= Beginning of Section =
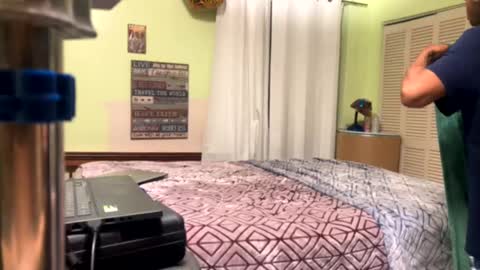 romeotyn online show from 02-25-25, 09:42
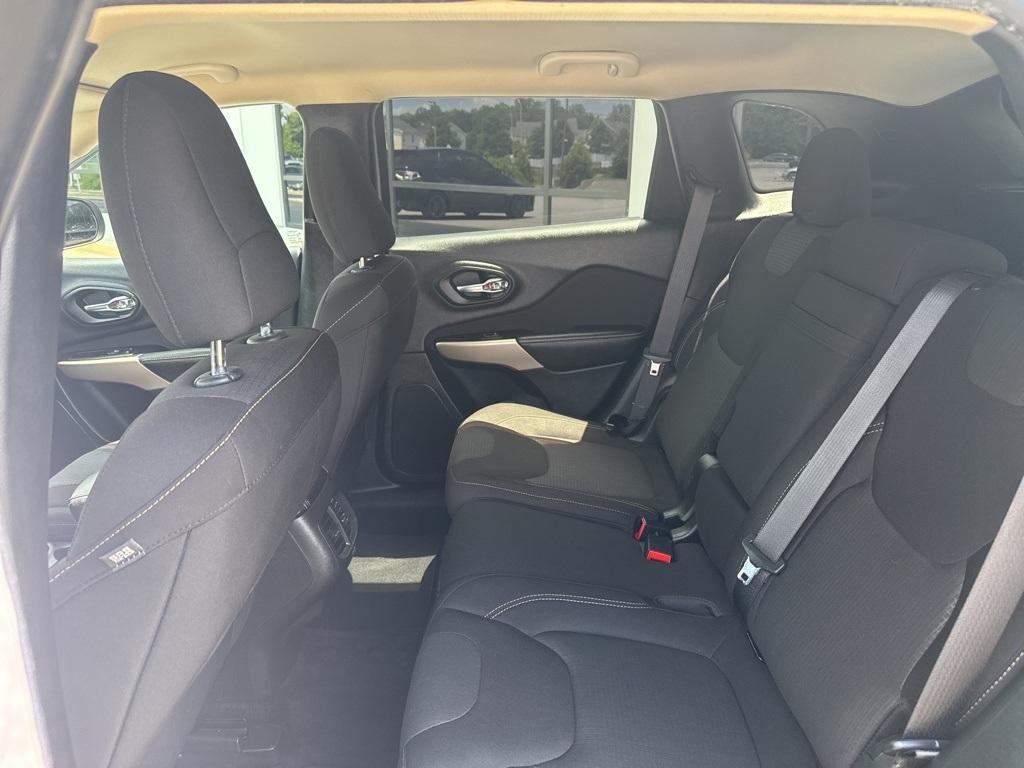 used 2017 Jeep Cherokee car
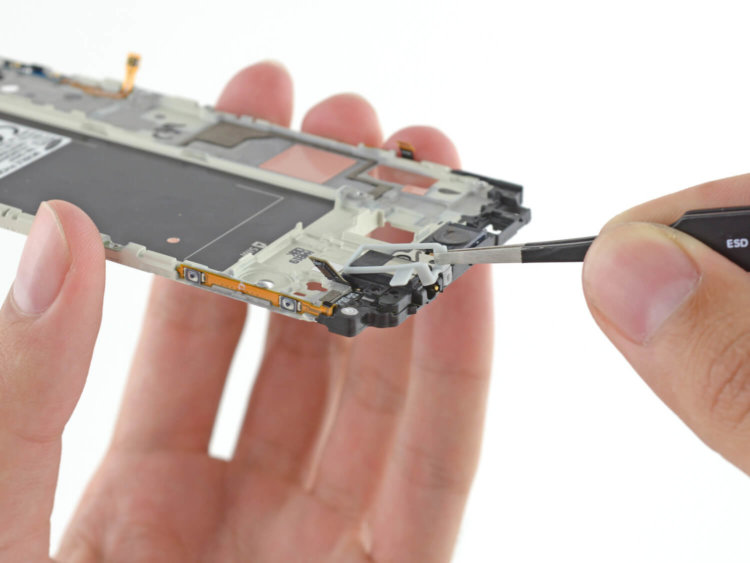 Что внутри Samsung Galaxy Alpha? Что внутри Samsung Galaxy Alpha? Фото.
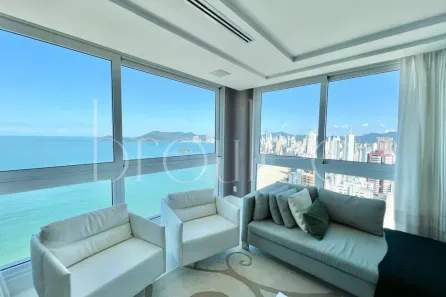 Apartamento com 3 Quartos para alugar, 210m² no Centro, Balneário Camboriú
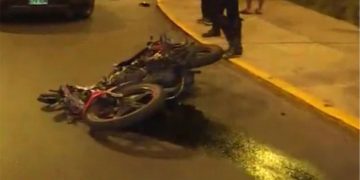 MOTOCICLISTA EBRIO SE DESPISTA EN PLENA AVENIDA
= End of Section =
Work request: Apart from the pictures, every record must be set down exactly.

Response:
 romeotyn online show from 02-25-25, 09:42
 used 2017 Jeep Cherokee car
 Что внутри Samsung Galaxy Alpha? Что внутри Samsung Galaxy Alpha? Фото.
 Apartamento com 3 Quartos para alugar, 210m² no Centro, Balneário Camboriú
 MOTOCICLISTA EBRIO SE DESPISTA EN PLENA AVENIDA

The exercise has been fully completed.